Predation in the Military: When Killers Turn Against Their Own

Nadia Asencio, USARNG

Nadia Asencio, USARNG

After being accused of sexually assaulting an intoxicated woman while on temporary assignment in Virginia Beach, Petty Officer First Class Gregory Kyle Seerden, 31, of Missouri, had his cell phone confiscated by the he Naval Criminal Investigative Service. What they found on the Navy SEAL’s cell phone were 78 photos of child pornography, depicting young children – both male and female – in sexual situations including bestiality; and four homemade videos of a man, presumably Seerden, masturbating as he molests a sleeping female child (a relative), five or six years old. After a three-month long investigation, he was taken into custody on San Diego on April 17th, 2017.

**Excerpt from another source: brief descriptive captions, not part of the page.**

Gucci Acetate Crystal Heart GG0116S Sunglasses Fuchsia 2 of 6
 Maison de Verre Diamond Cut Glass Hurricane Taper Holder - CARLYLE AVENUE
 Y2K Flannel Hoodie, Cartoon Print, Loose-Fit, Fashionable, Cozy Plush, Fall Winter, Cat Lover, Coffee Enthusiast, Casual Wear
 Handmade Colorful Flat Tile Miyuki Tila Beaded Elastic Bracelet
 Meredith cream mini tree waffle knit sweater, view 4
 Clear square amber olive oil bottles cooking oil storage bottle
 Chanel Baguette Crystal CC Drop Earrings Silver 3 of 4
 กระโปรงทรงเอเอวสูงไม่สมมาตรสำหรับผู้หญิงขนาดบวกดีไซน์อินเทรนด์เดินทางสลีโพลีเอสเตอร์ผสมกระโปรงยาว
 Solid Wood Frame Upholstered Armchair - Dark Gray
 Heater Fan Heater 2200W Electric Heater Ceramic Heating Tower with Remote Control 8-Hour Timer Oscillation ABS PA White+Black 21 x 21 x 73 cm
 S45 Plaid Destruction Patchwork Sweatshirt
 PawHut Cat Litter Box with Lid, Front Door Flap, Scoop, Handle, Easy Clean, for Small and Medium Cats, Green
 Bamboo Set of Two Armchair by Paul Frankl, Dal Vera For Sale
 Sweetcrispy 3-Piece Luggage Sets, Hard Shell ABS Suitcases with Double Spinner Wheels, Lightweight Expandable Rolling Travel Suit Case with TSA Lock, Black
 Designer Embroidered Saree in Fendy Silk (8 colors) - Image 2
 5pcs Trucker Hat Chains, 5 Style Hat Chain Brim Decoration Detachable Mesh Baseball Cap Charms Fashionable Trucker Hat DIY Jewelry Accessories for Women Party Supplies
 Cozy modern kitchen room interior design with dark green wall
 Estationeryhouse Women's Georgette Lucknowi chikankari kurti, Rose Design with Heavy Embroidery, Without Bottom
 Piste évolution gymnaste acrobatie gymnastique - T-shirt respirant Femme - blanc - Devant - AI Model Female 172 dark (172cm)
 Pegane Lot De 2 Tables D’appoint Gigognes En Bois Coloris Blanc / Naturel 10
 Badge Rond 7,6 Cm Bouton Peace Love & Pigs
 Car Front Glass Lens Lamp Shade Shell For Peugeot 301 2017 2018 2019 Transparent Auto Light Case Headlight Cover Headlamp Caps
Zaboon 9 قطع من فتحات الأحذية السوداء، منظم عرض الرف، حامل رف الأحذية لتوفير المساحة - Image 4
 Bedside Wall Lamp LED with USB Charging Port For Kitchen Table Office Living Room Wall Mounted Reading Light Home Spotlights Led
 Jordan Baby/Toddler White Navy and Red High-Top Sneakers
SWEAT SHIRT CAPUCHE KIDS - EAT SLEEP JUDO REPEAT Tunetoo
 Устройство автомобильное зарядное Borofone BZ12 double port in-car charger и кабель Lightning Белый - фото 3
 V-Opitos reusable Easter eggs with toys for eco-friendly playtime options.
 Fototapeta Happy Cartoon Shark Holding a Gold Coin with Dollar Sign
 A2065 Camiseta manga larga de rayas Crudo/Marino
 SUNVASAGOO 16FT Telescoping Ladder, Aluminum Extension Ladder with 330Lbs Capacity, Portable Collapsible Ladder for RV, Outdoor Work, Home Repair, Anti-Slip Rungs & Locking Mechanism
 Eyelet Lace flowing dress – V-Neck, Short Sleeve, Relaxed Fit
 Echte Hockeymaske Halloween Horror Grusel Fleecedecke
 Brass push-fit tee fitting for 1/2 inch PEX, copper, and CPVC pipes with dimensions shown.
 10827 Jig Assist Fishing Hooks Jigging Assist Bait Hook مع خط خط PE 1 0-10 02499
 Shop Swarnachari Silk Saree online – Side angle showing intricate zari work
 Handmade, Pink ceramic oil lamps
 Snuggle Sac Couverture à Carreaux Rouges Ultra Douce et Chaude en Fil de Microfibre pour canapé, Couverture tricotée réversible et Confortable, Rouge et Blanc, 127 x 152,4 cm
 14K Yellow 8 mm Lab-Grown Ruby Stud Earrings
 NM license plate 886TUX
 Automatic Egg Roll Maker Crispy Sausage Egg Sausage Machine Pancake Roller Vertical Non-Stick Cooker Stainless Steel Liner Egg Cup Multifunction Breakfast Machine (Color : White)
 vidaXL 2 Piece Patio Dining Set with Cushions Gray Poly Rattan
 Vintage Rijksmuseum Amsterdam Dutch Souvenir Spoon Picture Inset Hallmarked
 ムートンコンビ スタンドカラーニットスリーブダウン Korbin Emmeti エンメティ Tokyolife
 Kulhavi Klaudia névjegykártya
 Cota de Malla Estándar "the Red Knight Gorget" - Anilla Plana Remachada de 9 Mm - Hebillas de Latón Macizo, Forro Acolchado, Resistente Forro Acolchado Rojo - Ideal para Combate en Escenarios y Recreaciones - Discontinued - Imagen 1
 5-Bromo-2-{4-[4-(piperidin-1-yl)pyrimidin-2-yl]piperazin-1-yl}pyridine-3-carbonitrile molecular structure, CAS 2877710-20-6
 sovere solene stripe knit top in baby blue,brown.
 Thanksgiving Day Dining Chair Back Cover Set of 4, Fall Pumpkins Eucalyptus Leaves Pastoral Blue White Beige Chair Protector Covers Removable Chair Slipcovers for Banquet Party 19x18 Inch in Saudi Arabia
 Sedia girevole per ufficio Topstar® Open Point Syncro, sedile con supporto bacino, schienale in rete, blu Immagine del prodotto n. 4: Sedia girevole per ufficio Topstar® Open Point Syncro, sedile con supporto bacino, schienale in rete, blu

Let me repeat. A Navy SEAL.

That the crimes are horrific in and of themselves goes without saying; that a Navy SEAL committed them is incomprehensible. The military is – or at least, has until lately been – a construct revered for upholding those values that we Americans profess to cherish most in our society: discipline, valor, integrity, basic human decency, and defending those who cannot defend themselves. How is it that the military has fallen so far from these standards? Where is the breach? Or are we just now understanding that the military has never really upheld these values amongst its ranks, at least, not as often as we would like to think?

The barbaric nature of this case reminds me of another equally brutal case that has never been resolved, that of Private First Class LeVena Lynn Johnson. Johnson died on July 19th, 2005, nine days before her 20th birthday, in Balad, Iraq. She had been there only eight weeks before her demise, the cause of which Army officials ruled a “suicide.” The Army refused to release any further information. However, LaVena’s father suspected foul play, and began an investigation that ended with Representative William Lacy Clay, Jr. asking the Army to release all autopsy information under the Freedom of Information Act. The report and related photographs revealed that PFC Johnson had a broken nose, a black eye, loose teeth, burns from a corrosive chemical on her genitals, and a gunshot wound which seemed inconsistent with a suicide. The case garnered international attention, but the Army refused to investigate the case further. The family never received answers as to who had attacked their daughter, nor if her attackers were also her killers.

Let me repeat. A 19-year-old girl.

Cases of assaults, rapes, and questionable deaths are, alarmingly, becoming less rare and more common in the military, a sign that the leadership is failing. When similar crimes were committed in the Catholic Church, the leadership there also avoided media attention with cover ups, preferring to relocate the accused instead of trying them in court. We also see this type of behavior in our public and private school system, where teachers accused of illicit behavior with their students are often simply relocated to another district where they will, no doubt, continue their predation unpunished. Nothing changes until either a group of victims stand up in alliance against their attackers, or a ranking official decides that it’s more important to protect the innocent and prosecute the guilty, than it is to save the image of the organization.

Which brings me to the military. Whether or not one believes that the military should be held to a higher standard, whether or not one believes that the military has a sacred oath to uphold, the reality is that the military is paid by and beholden to the American taxpayers, period. And savagery against our own people – against any people except, perhaps, those who practice savagery themselves – cannot stand. Until the American people exercise their political influence to create change, this behavior will continue unabated. Until service members find the moral courage to speak out against the criminals within their ranks – both peers and superiors – this predation will flourish.

Failing to cull the military herd of predators and rapists has dire repercussions. History has already shown us what happens when a military is allowed to turn against its own, against the defenseless, and against the innocent: their savagery is easily exploited, often, and tragically, used against the very people they once vowed to protect.